Сценическое действие оставалось условным, оно было разбито на куски, которые можно назвать аттракционами. У актеров комедии dell'arte существовали тетради с речами и выходками героев; импровизация опиралась на переделку известного. Эйзенштейн развил этот принцип. Его «Мудрец» был блистательно молодой спектакль.
В спектакль включили небольшой ролик, снятый заранее, – «Дневник Глумова».
Этот ролик – кинематографический дебют человека, о кино еще не думавшего. 120 метров были одним из аттракционов спектакля, но переходящим в другое художественное измерение.
Придавал ли ему тогда сам режиссер особое значение?
Вряд ли. Но встреча с кино состоялась.
Здесь же состоялась и еще одна важная встреча – с Вертовым. Не зная Эйзенштейна, не подозревая о том, что судьба скоро сведет их в остром споре, но не поссорит, Вертов включил ролик Эйзенштейна в один из выпусков своей «Киноправды» под названием «Весенние улыбки Пролеткульта».
Спасающийся от погони Глумов показывался в кино: он вылезал из окна особняка, за ним гнались, Глумов спасался на автомобиле, другой актер прыгал на него сверху. Все это повторяло условность американских кинопогонь. Такие погони у нас показывал Лев Кулешов в «Приключениях мистера Веста», и такие прыжки сверху мы недавно видали у режиссера Рязанова в комедии «Гусарская баллада», только прыгали с дерева не на автомобиль, а на крышу кареты.
Причины успеха «Мудреца»
Все постановки Мейерхольда были экспериментами.
«Мудрец» Эйзенштейна показался старому режиссеру явлением чрезвычайным.
Спектакль был рассчитан на то, что отдельные аттракционы будут действовать на эмоции зрителя.
Пародийный сюжет – перелицовка – это только предлог для появления аттракциона.
Дело идет о монтаже неожиданностей.
Монтаж здесь не один из видов способов создать смысловую конструкцию, которая заставит неоднократно переосмысливать как отдельные части произведения, так и их совокупность, нет, здесь монтаж соединяет несоединимое, подчеркивает странность смен аттракционов.
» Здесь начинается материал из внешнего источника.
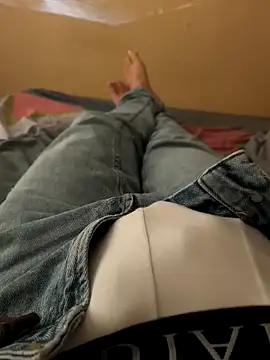 Normalludo0202 online show from November 2025 02:50:01 PM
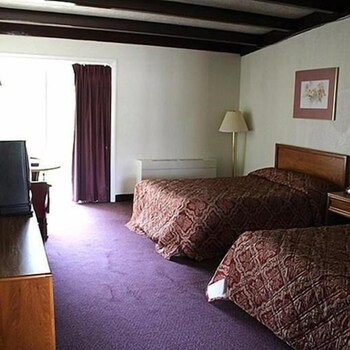 Hometown Inn Staunton VA near Hwy 11 20/50
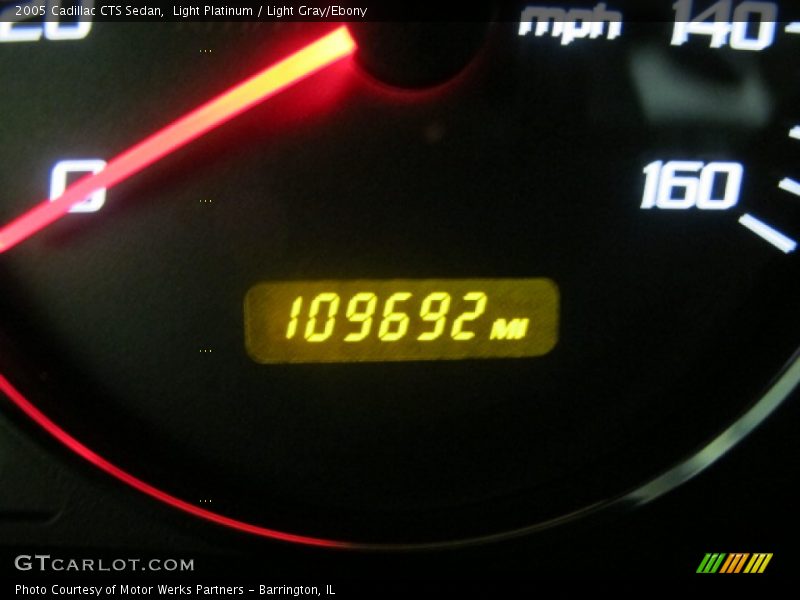 Light Platinum / Light Gray/Ebony 2005 Cadillac CTS Sedan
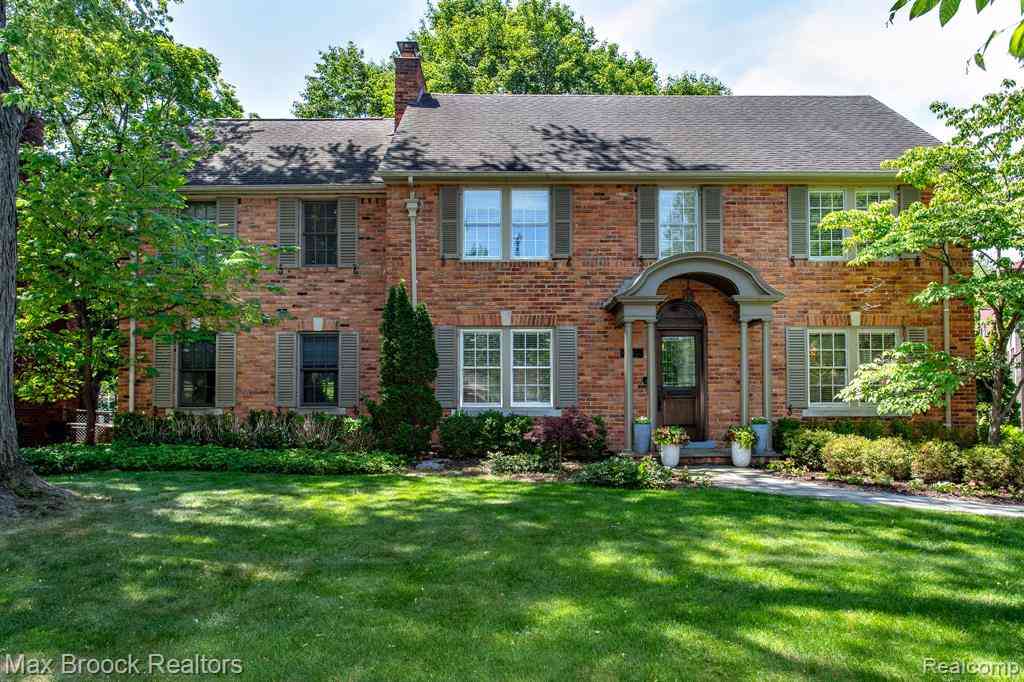 Homes For Sale - 26255 Pembroke Road <br/> Huntington Woods, MI 48070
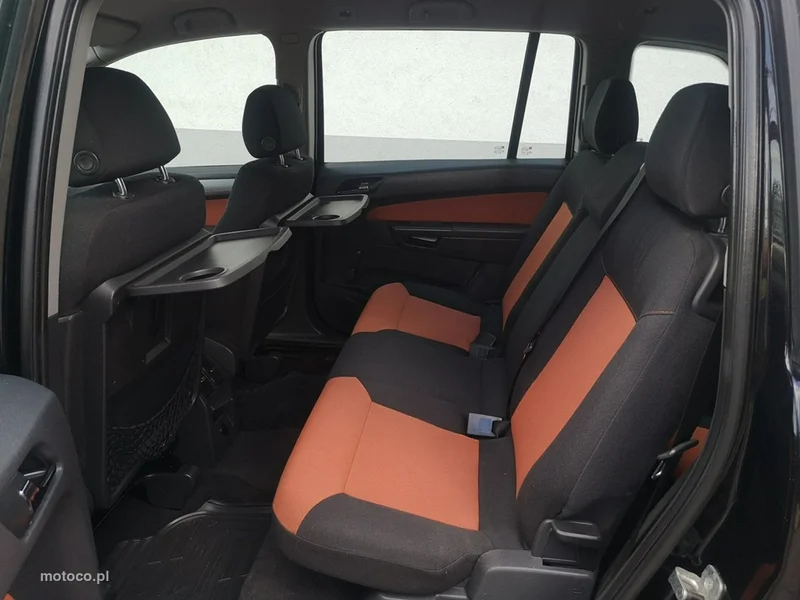 Opel Zafira B 18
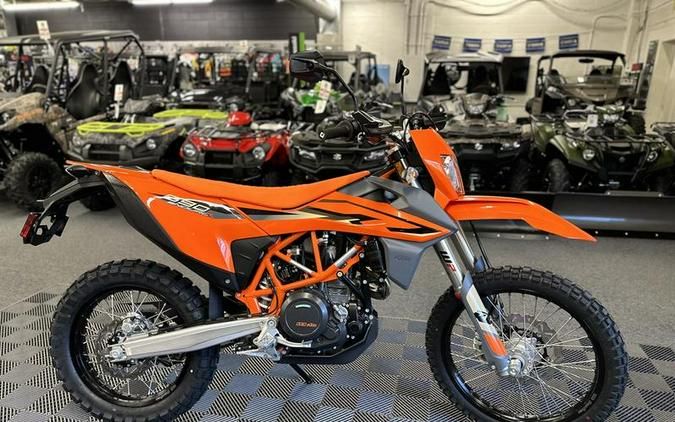 2024 KTM 690 Enduro R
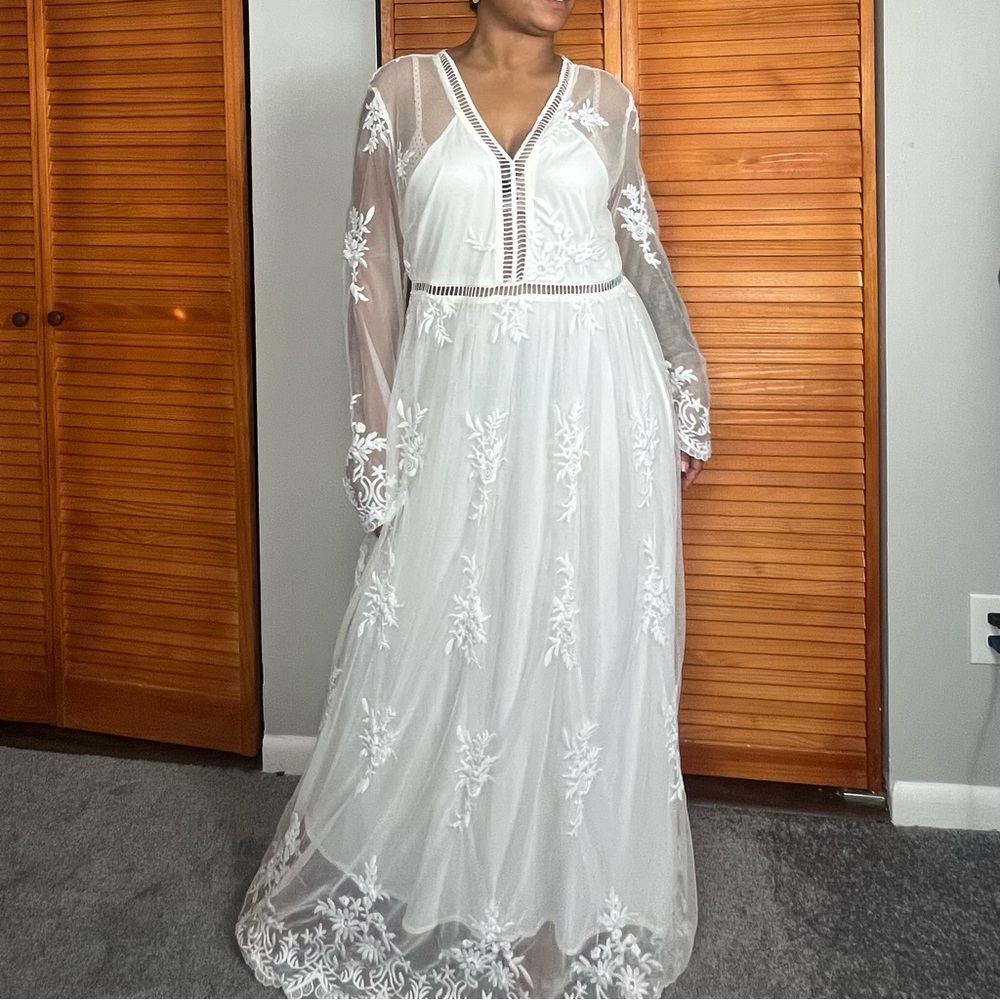 Sheer Lace Long-Sleeve White Maxi Dress with V-Neck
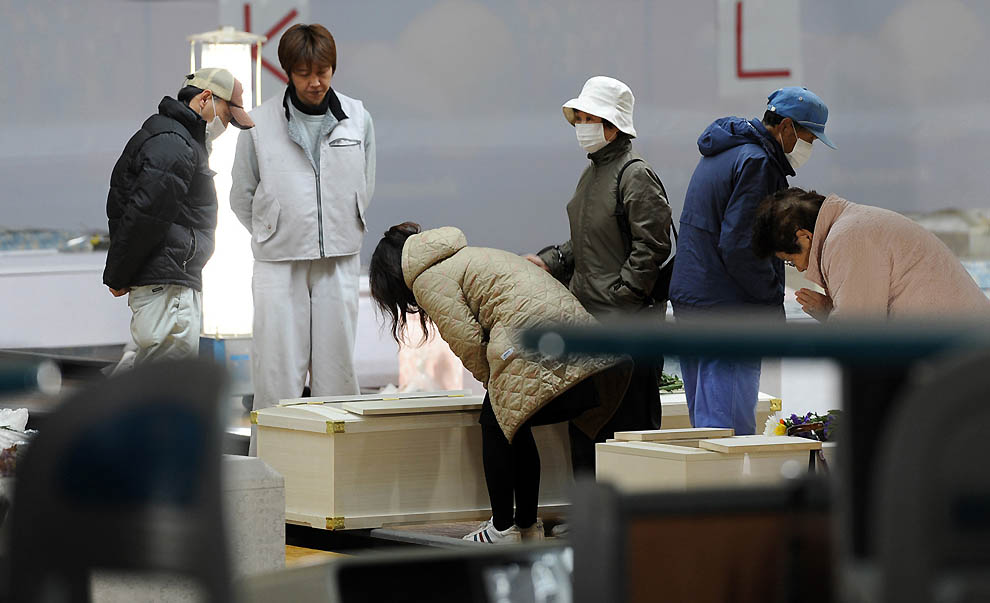 Землетрясение в японии 2024 сегодня. Воровство технологий в Японии. Корея человека погружают в скорую после землетрясения.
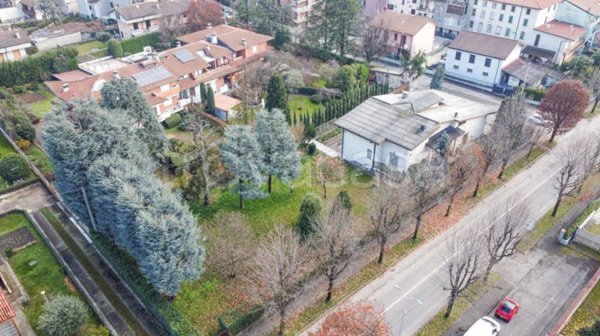 casa indipendente in vendita a Suisio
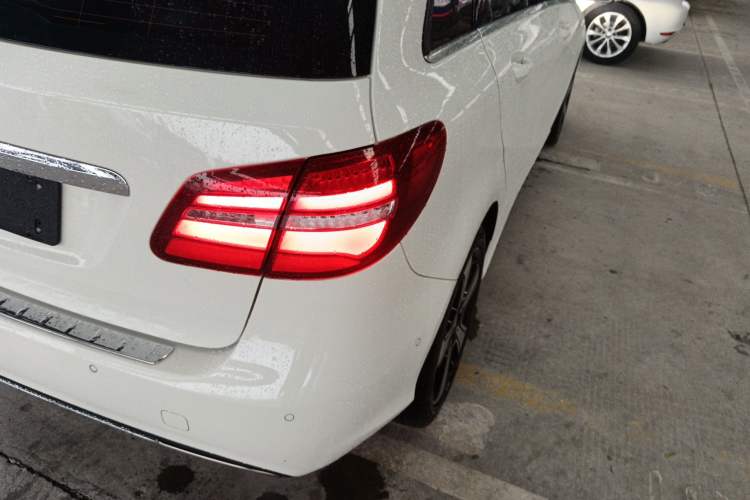 Used Mercedes-Benz B-Class 2017 B 200 Fashion Model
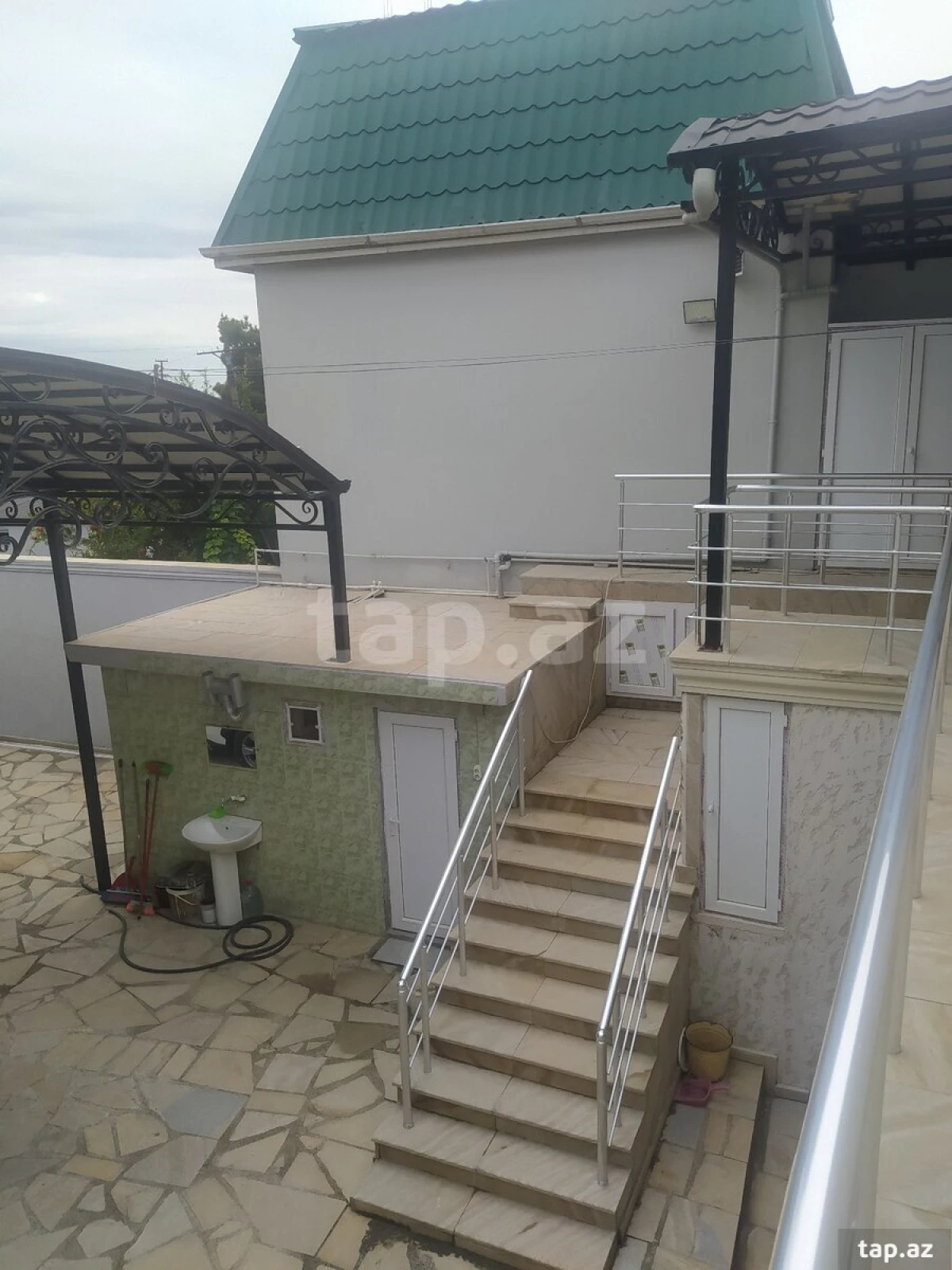 Satılır 6 otaqlı həyət evi 180 m²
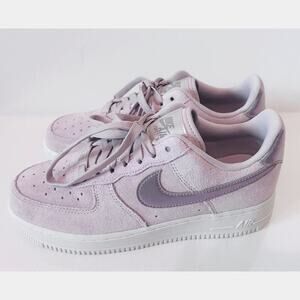 NEW Nike AirForce 1 SE Womens 8, or Youth 6.5 -Platinum violet/Sunset White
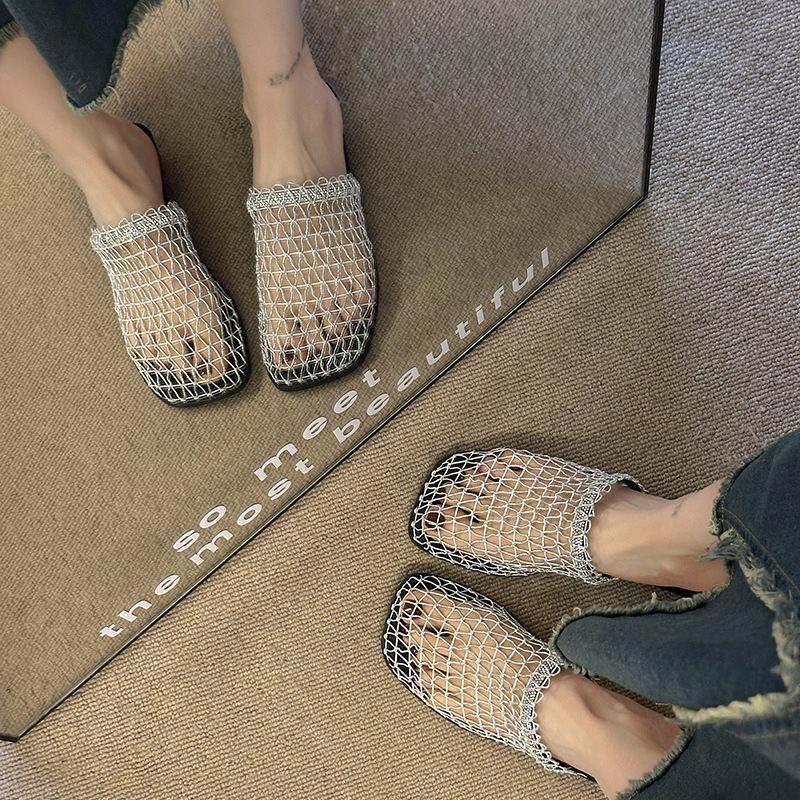 Half slippers women's summer wear new fishing nets with fisherman shoes bag head 2025 skirt cool slippers hole niche French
Вот что говорил Мейерхольд на курсах режиссеров драматических театров 17 января 1939 года:
«На чем была основана ранняя деятельность замечательного режиссера Сергея Эйзенштейна? Он брал до такой меры поводом для своей режиссерской работы пьесу, что когда он поставил пьесу Островского, то от нее остались рожки да ножки. Мой «Лес» казался абсолютно наивным произведением по сравнению с тем, что делал он. Но я считаю, что он должен был это проделать. Его томила какая-то иная проблема, ему нужно было это сделать, но досадно, что мы все эксперименты делаем на публике. Хорошо было бы, если бы была такая закрытая лаборатория, где мы, режиссеры, могли бы работать с лекциями сопроводительными, как в Планетарии: показывают звезды и выходит человек и рассказывает… Нужно обязательно мечтать о такой площадке дерзаний»[8].
8
В. Э. Мейерхольд, Статьи, письма, речи, беседы. Ч. 2-я, стр. 470.